Zur Ausrüstung des Schiffes gehören auch verschiedene Sonar- und Echolotgeräte, eine Einrichtung zur Luftschadstoffmessung, eine umfangreiche Tauchausrüstung einschließlich Taucherdruckkammer sowie zwei Vermessungsboote.

Weitere Schiffsprojekte sind beim Bund bereits in Planung, auch sie sollen für den LNG-Betrieb ausgelegt werden. So sollen neben zwei Mehrzweckschiffen für die Wasserstraßen- und Schifffahrtsverwaltung (GDWS) auch zwei weitere Vermessungsschiffe als Ersatz für die beiden BSH-Schiffe »Deneb« und »Wega« gebaut werden.

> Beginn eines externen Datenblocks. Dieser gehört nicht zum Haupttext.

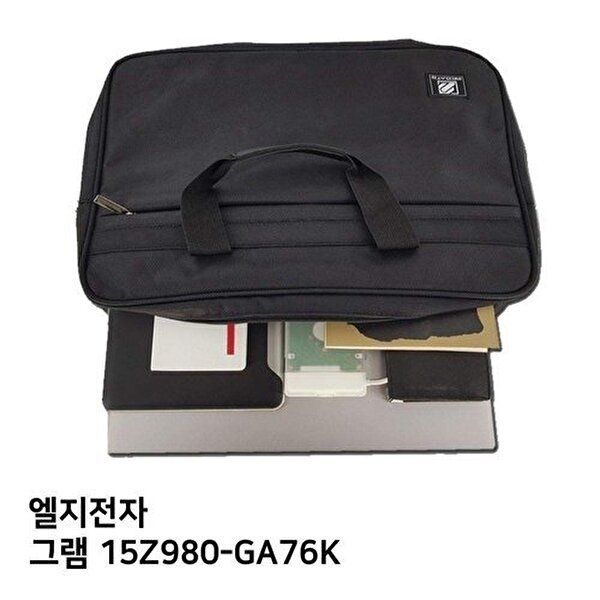 고품질 S.LG 그램 15Z980-GA76K노트북가방 크로스 W846FFE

Ferlemann zeigte sich optimistisch, dass das Geld in Berlin bewilligt werde. Auch erste Gespräche mit der Bundesanstalt für Wasserbau (BAW) über die technischen Anforderungen an die Neubauten seien bereits geführt worden. Die dem Bundesverkehrsministerium zugeordnete Behörde ist zuständig für den Neubau von Spezialschiffen des Bundes – von der ersten Konzeption bis zur Übergabe an den Betreiber. Auch Fassmer darf sich Hoffnungen machen. »Ich bin sicher, dass wieder eine familiengeführte Werft den Zuschlag erhält«, so Ferlemann.